━━━━━ Data excerpts
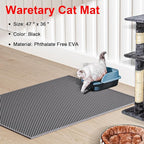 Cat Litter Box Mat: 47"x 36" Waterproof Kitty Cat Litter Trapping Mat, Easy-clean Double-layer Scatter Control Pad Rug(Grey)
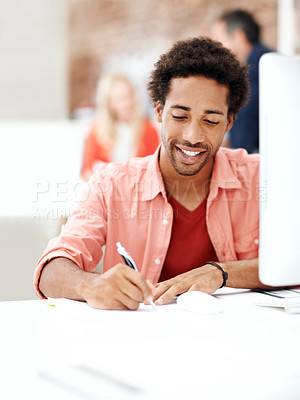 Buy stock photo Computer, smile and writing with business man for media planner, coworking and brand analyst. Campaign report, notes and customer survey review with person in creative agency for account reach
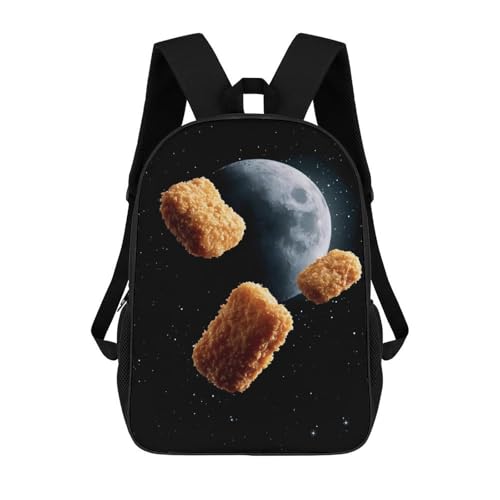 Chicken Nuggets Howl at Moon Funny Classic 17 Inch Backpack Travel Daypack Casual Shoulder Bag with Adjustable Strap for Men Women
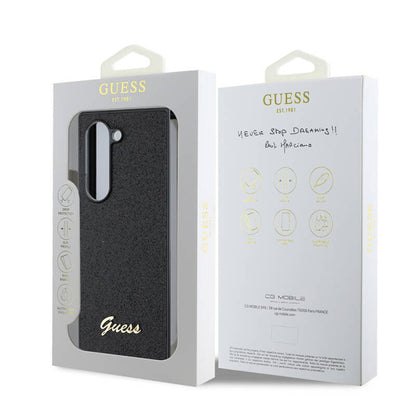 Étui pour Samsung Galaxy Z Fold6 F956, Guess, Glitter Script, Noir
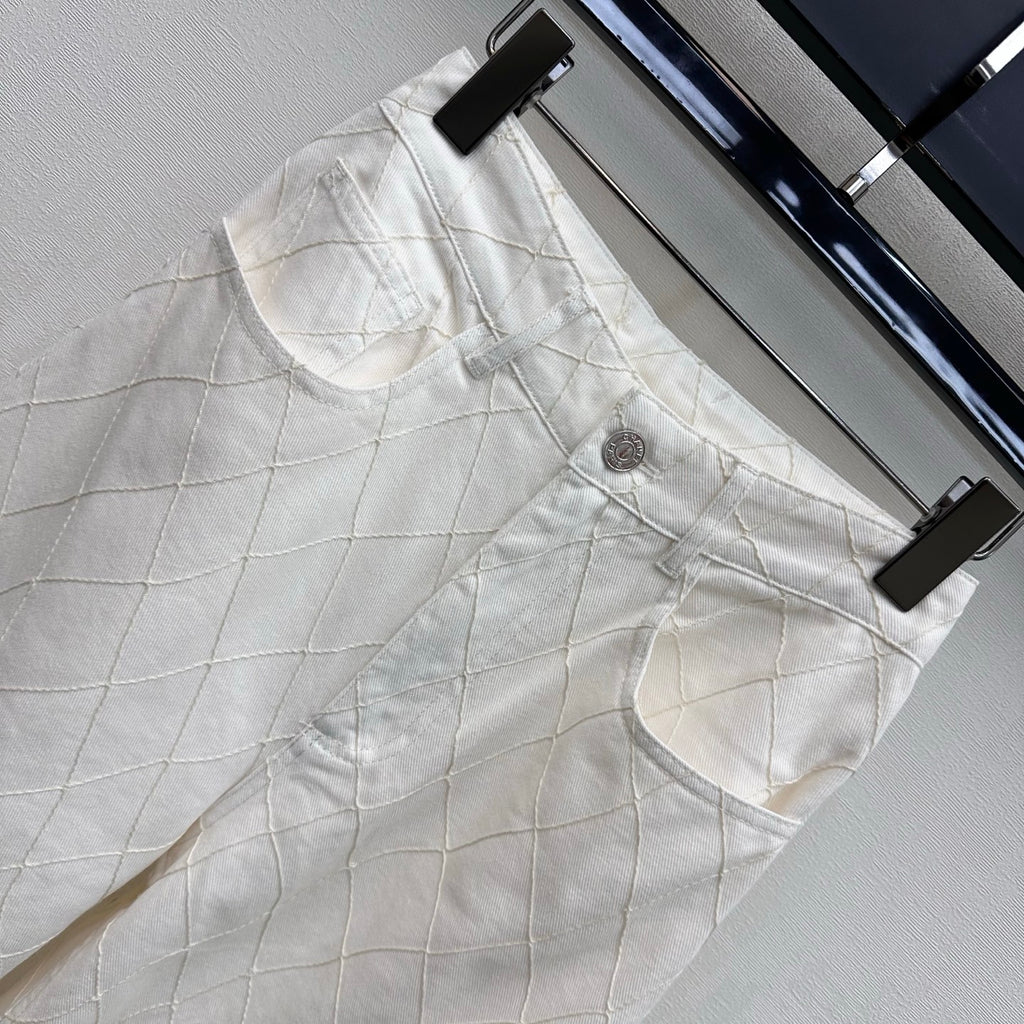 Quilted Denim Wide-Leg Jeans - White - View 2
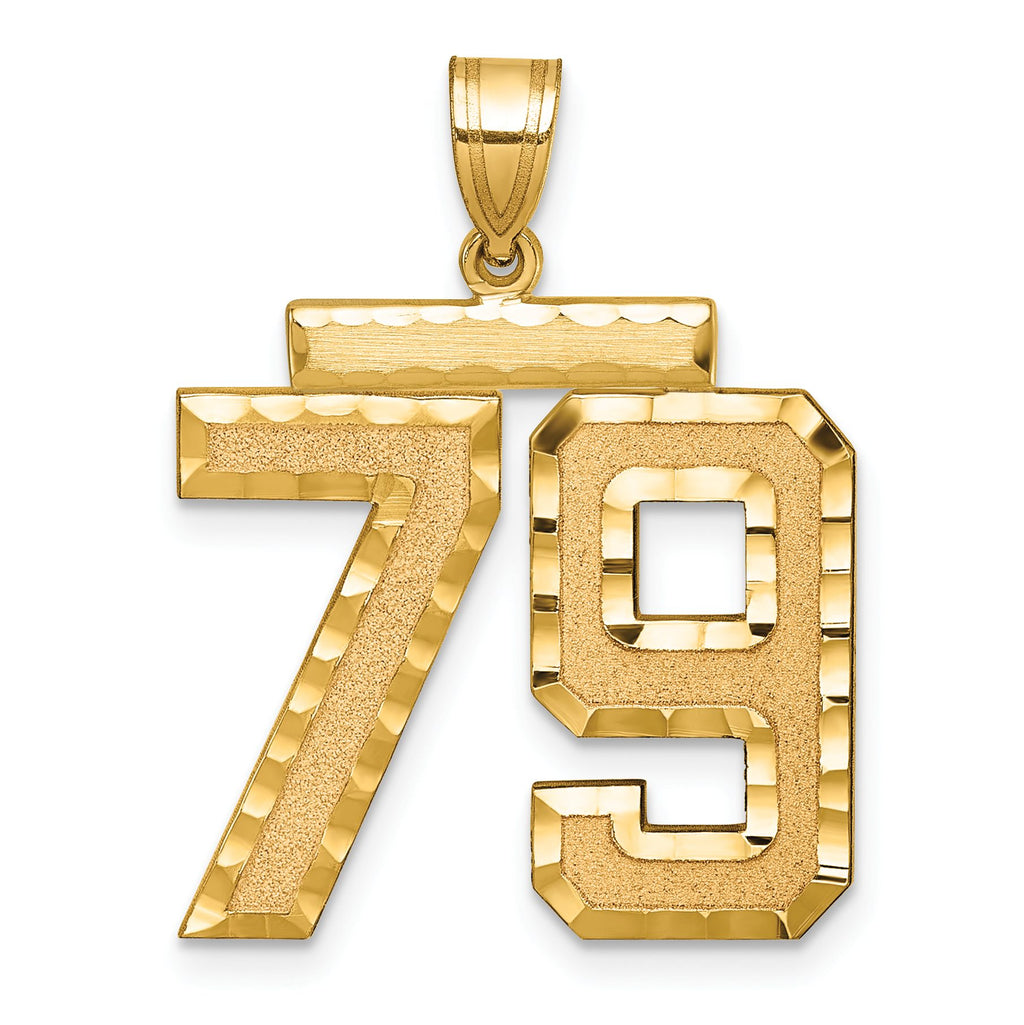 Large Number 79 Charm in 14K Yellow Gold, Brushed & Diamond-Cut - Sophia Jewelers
━━━━━━━━━━
━━━━━ Data excerpts
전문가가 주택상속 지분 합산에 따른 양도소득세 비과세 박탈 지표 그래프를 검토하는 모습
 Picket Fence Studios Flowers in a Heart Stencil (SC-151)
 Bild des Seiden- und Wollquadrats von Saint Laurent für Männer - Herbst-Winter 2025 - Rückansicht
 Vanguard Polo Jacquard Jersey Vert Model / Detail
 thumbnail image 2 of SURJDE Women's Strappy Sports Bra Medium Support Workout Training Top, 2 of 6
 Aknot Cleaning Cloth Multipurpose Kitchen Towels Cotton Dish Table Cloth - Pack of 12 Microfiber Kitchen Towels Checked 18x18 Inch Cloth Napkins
━━━━━━━━━━
Above are some records. Output exactly the lines from the one that contains "Chicken Nuggets Howl" to the one that contains "Large Number 79", keeping both, and omit the pictures.

Expected answer:
 Chicken Nuggets Howl at Moon Funny Classic 17 Inch Backpack Travel Daypack Casual Shoulder Bag with Adjustable Strap for Men Women
 Étui pour Samsung Galaxy Z Fold6 F956, Guess, Glitter Script, Noir
 Quilted Denim Wide-Leg Jeans - White - View 2
 Large Number 79 Charm in 14K Yellow Gold, Brushed & Diamond-Cut - Sophia Jewelers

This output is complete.